Streaking had been popular on college campuses, my grandchildren. It was usually done by drunk males at night through a crowd. It died off pretty quickly. One night “Darvon” and various other guys were hanging out at my apartment drinking alcohol of some sort or another. We talked about the streaking phenomenon and how it had come and gone. In the stupidity of sophomoric self indulgence we decided to bring it back. We meaning my roommates and “Darvon”. They ran across the street. Then down the block. Then a couple of blocks over past the home for retired nuns. I pray for their pardon today, but they may have made a nun’s night back then. Who knows?
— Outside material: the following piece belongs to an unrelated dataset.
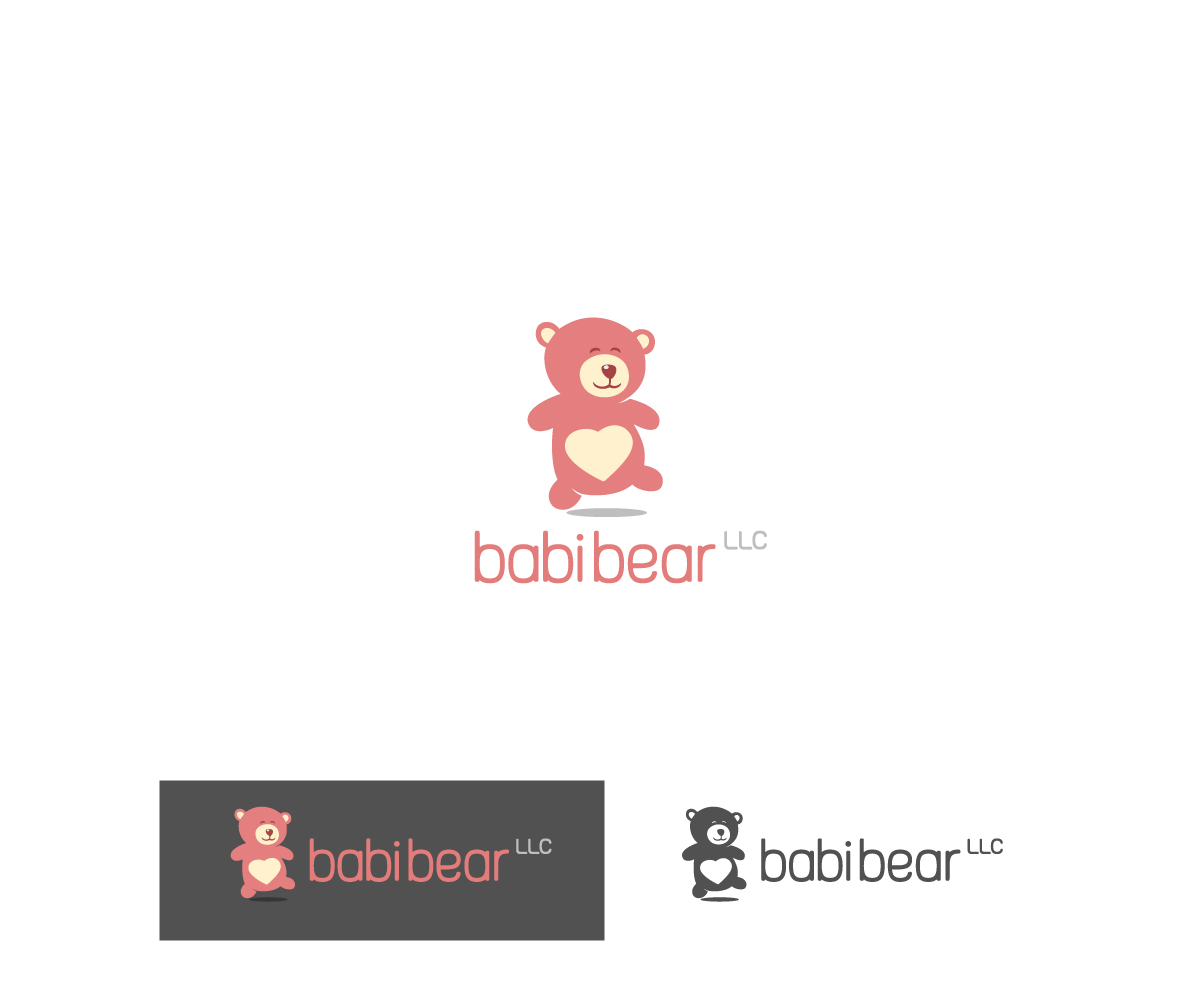 Logo Design by sicasimada for Babi Bear, LLC | Design #6011920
Funny Nun Caught Smoking -

Well, “Darvon” was competitive and had to be the alpha dog. He decided to streak the governor’s mansion, that would be the governor of Virginia. Fool throttle.

The mansion was about a mile and a half east of where we were domiciled, but “Darvon” was jacked up and ready. He wore only socks and red high top Converse sneakers, a floppy Caucasian afro, and a demonic grin. I know that my roommate Bruce drove the pace car next to him; that was a green Buick Skylark he called “the green snake”. Not sure who  rode along. But there they were at 2 or 3 a.m. putting down Franklin Street toward the Virginia state buildings and the governor’s residence. It must have been an interesting procession under the orange mercury vapor streetlights, only missing the Olympic torch.

I stayed home fully clothed, as I had throughout all of the shenanigans. The boys said I was their conscience or babysitter, or something halfway in between. Anyway, a blind man could see what was coming. As they drove and “Darvon” ran triumphantly onto the grounds of the governor’s estate, armed guards appeared with flashlights and guns. “Darvon” was taken down. A search was not needed. Why on earth Bruce was not also arrested, I’ll never know. He was taken to the police station, though. The next day he brought home a blank incident report that he’d swiped. He filled that out with outrageous details which we kept as a souvenir of the evening. “Darvon” was given thirty days in jail, I believe. However, due to overcrowded conditions, he only served a few days and returned to college to continue his studies in antisocial behavior.

I’ll just stop  here. I think I have supported my odd topic like a jockstrap.